▶ Instructions for the task
With pictures left out, output exactly the lines of the listing below from the line that has "Beaupretty 2 Stück" to the line that has "Electron beam welding", both lines kept.

▶ Exercise data
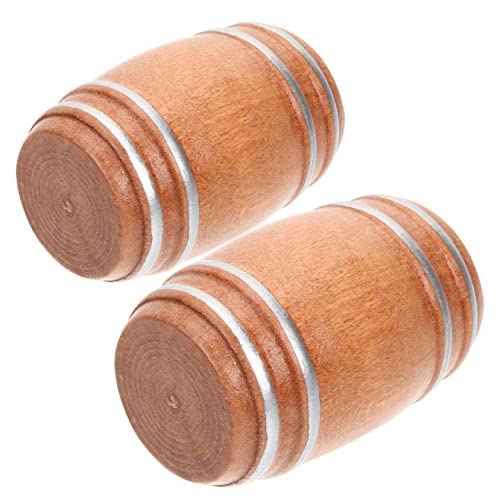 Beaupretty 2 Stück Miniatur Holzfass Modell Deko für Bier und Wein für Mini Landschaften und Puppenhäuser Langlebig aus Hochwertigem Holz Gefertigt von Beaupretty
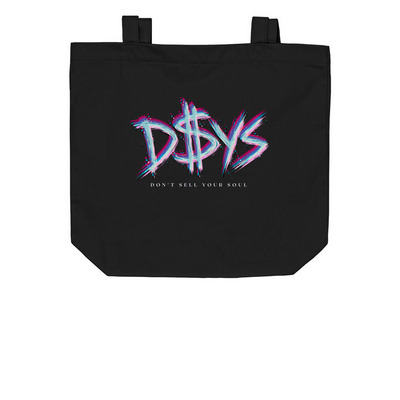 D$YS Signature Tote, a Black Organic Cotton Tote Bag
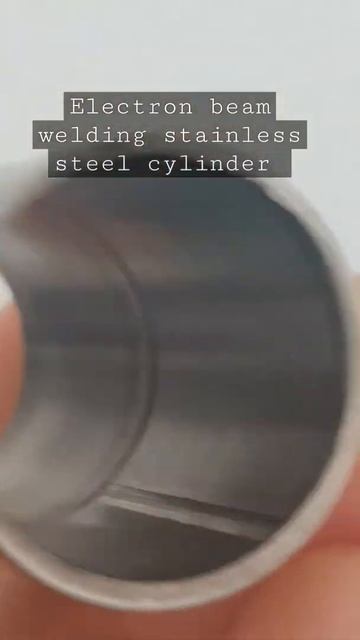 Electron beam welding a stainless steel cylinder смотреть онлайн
--
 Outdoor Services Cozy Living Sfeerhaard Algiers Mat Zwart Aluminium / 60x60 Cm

▶ Output of the exercise
 Beaupretty 2 Stück Miniatur Holzfass Modell Deko für Bier und Wein für Mini Landschaften und Puppenhäuser Langlebig aus Hochwertigem Holz Gefertigt von Beaupretty
 D$YS Signature Tote, a Black Organic Cotton Tote Bag
 Electron beam welding a stainless steel cylinder смотреть онлайн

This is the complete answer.